* [What to produce]
Beginning at the line with "Paperback Audio CD", please repeat each line exactly through the end of the records below, including that first line and the last, but no pictures.
-- Study material follows --
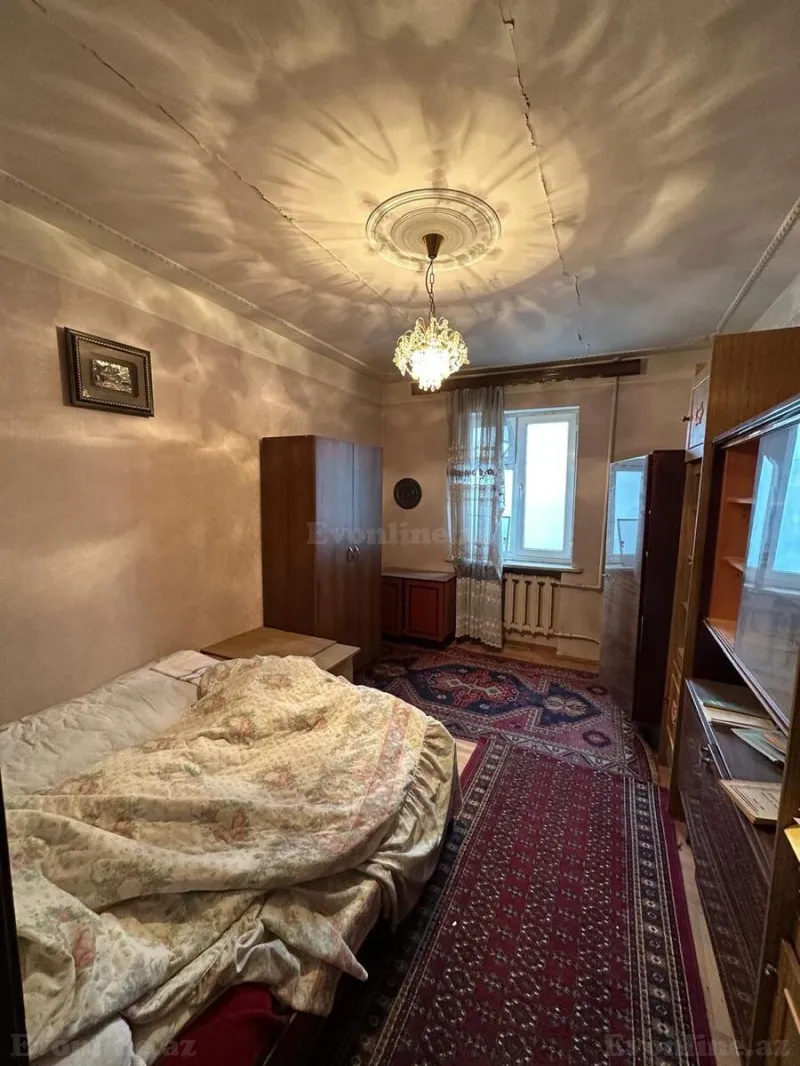 Satılır 3 otaqlı Mənzil Köhnə tikili 75 m² Yasamal - şəkil 5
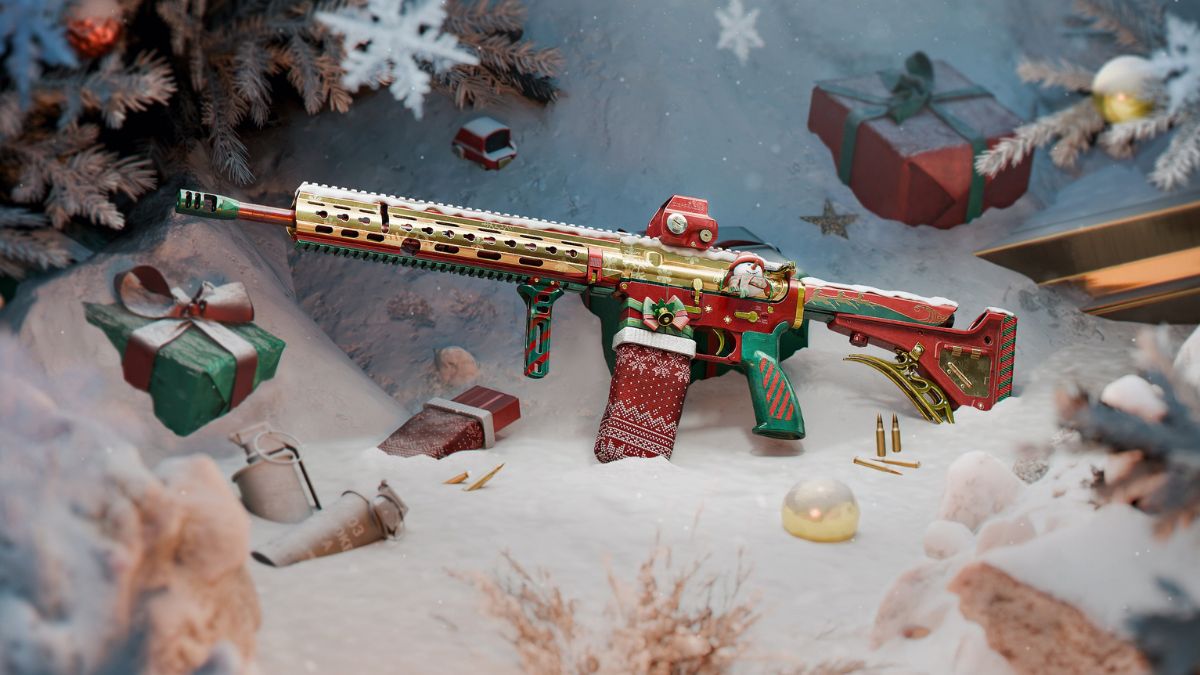 Top skin súng Giáng sinh đẹp nhất trong game FPS: AKMA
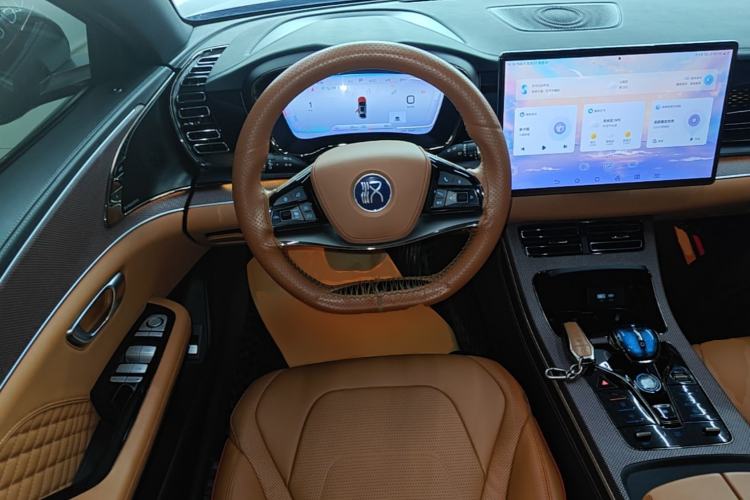 Used BYD Han 2022 DM-i 121KM Luxury Model Steering Wheel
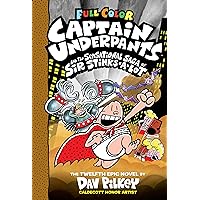 Captain Underpants and the Sensational Saga of Sir Stinks-A-Lot: Color Edition (Captain Underpants #12) (12) Captain Underpants and the Sensational Saga of Sir Stinks-A-Lot: Color Edition (Captain Underpants #12) (12) Hardcover Audible Audiobook Kindle Paperback Audio CD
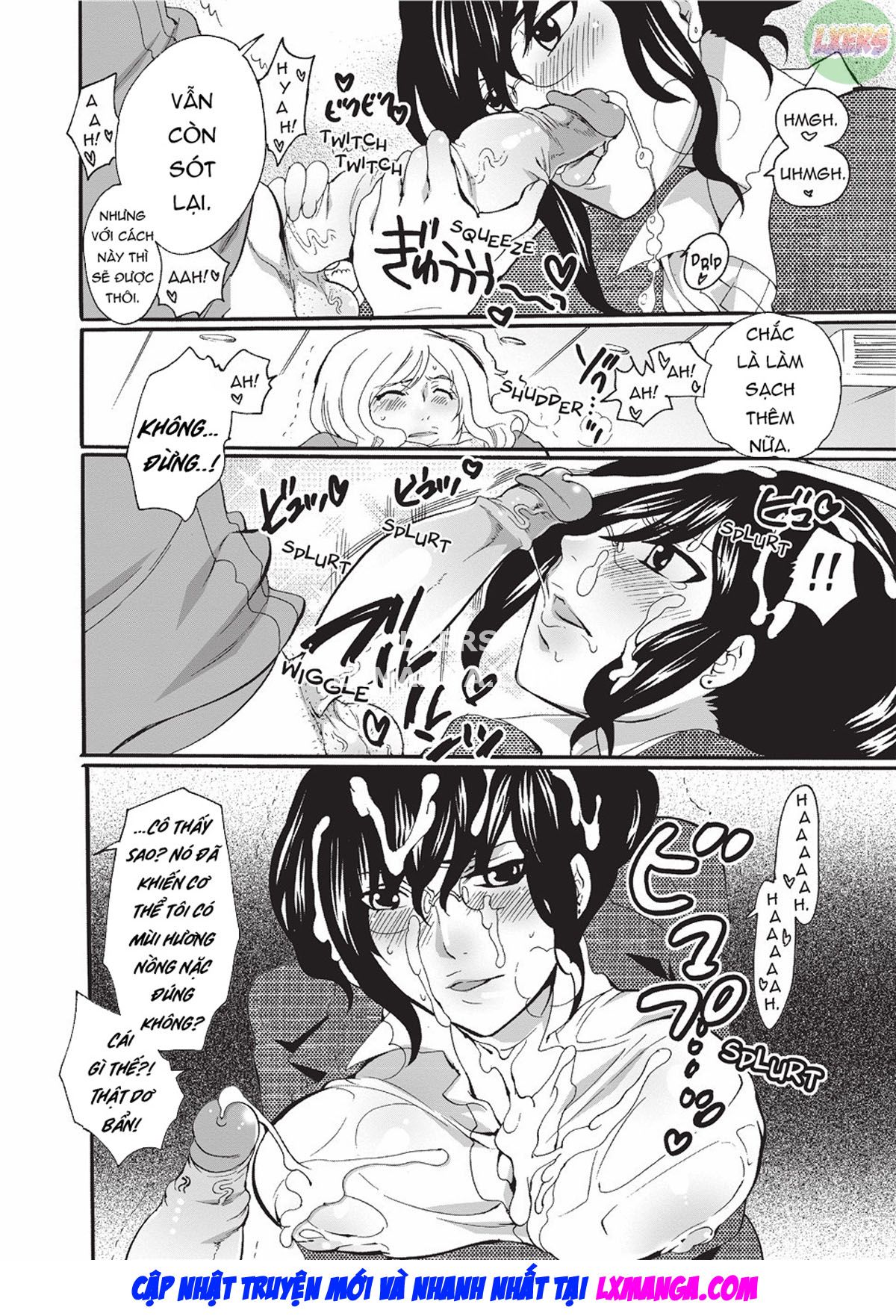 Đọc truyện hentai Kỷ luật - Chap 8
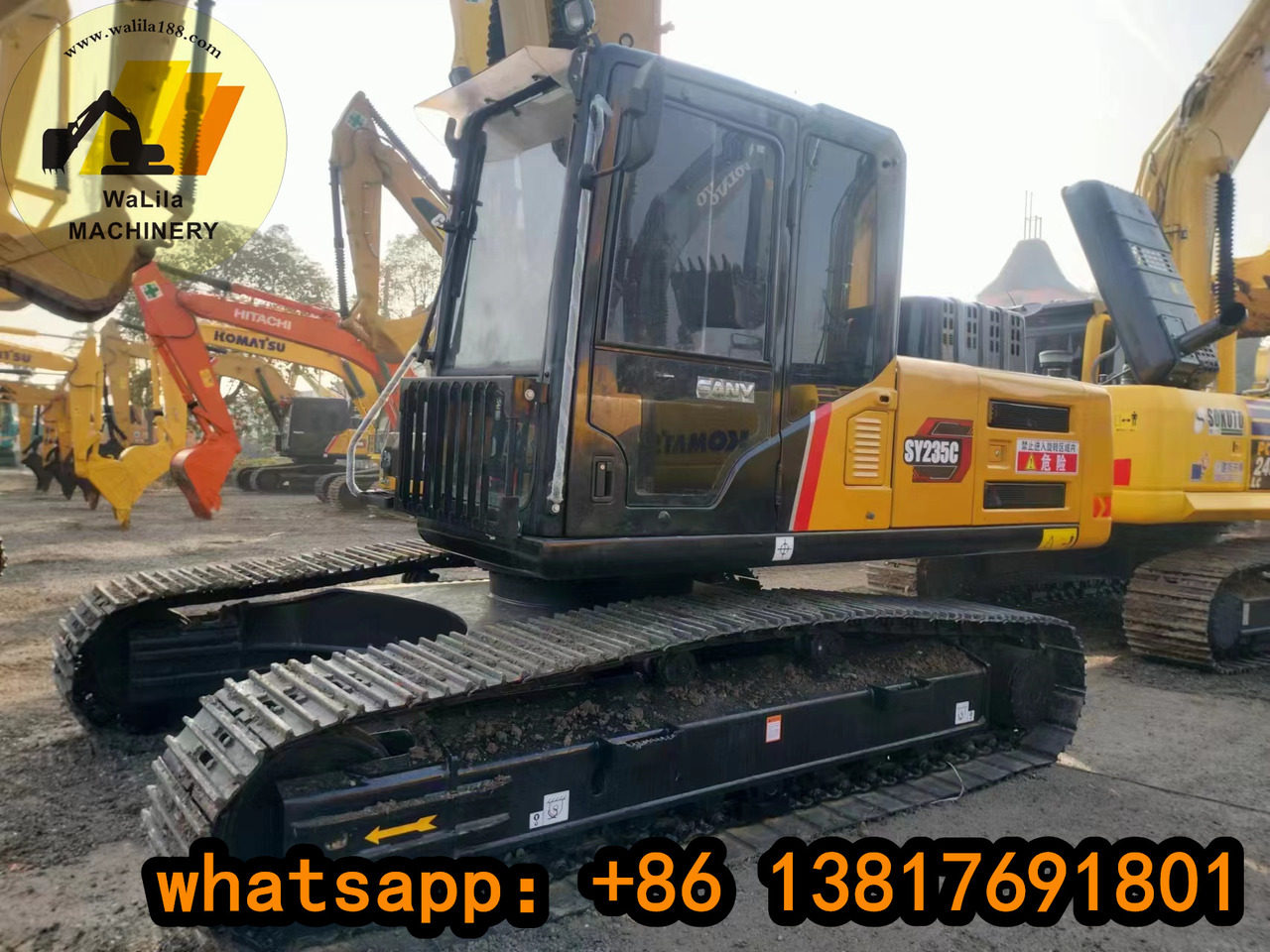 Sany SY 235 C SY235 SY235 SY245 - Lánctalpas kotró: 5 kép. Sany SY 235 C SY235 SY235 SY245 - Lánctalpas kotró: 5 kép.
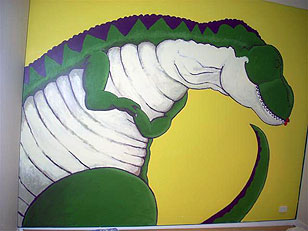 Luke's Dinosaur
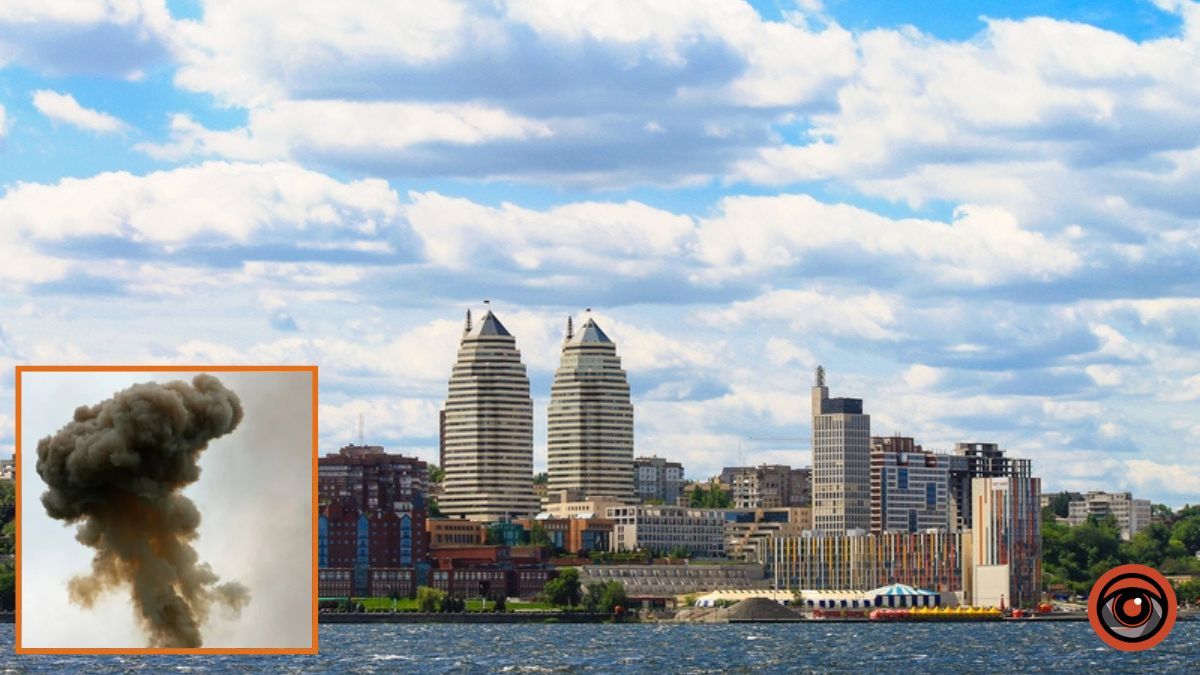 Реактивний БпЛА у напрямку міста: у Дніпрі пролунав вибух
-- Study material concluded --
* [Exercise output]
 Captain Underpants and the Sensational Saga of Sir Stinks-A-Lot: Color Edition (Captain Underpants #12) (12) Captain Underpants and the Sensational Saga of Sir Stinks-A-Lot: Color Edition (Captain Underpants #12) (12) Hardcover Audible Audiobook Kindle Paperback Audio CD
 Đọc truyện hentai Kỷ luật - Chap 8
 Sany SY 235 C SY235 SY235 SY245 - Lánctalpas kotró: 5 kép. Sany SY 235 C SY235 SY235 SY245 - Lánctalpas kotró: 5 kép.
 Luke's Dinosaur
 Реактивний БпЛА у напрямку міста: у Дніпрі пролунав вибух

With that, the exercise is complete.